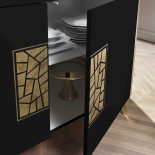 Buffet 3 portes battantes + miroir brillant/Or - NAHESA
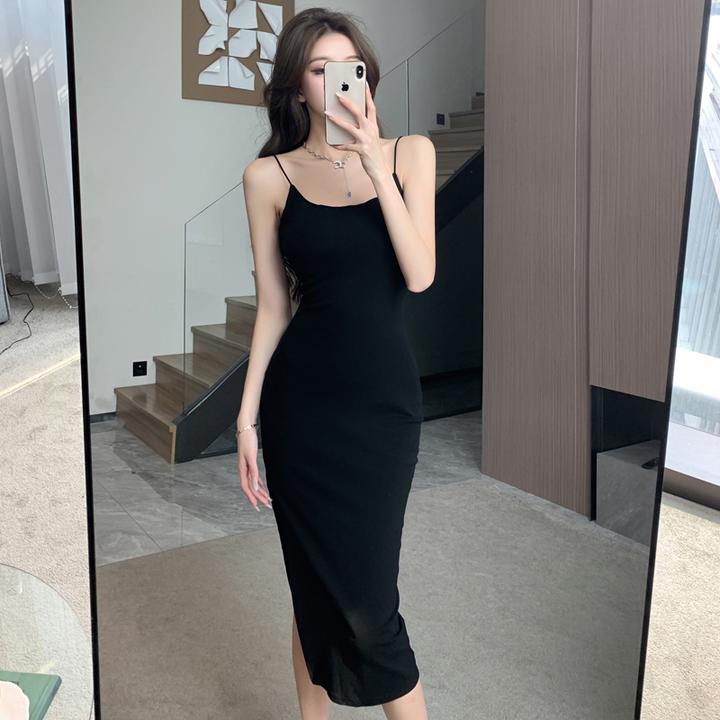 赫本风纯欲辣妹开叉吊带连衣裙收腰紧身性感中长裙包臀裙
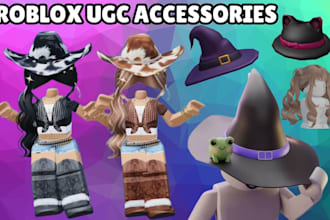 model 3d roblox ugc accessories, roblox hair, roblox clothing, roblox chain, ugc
- - - -
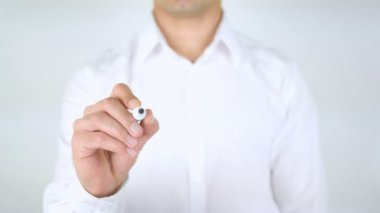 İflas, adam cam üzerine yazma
- - - -
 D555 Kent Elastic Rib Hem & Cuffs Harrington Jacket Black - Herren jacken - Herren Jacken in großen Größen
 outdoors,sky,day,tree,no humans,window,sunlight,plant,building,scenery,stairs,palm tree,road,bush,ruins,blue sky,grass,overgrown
- - - -
YOUR ASSIGNMENT: Above are the records. Copy only the lines from the one with "Buffet 3 portes" through the one with "model 3d roblox", exactly, with no pictures.

ANSWER SECTION:
 Buffet 3 portes battantes + miroir brillant/Or - NAHESA
 赫本风纯欲辣妹开叉吊带连衣裙收腰紧身性感中长裙包臀裙
 model 3d roblox ugc accessories, roblox hair, roblox clothing, roblox chain, ugc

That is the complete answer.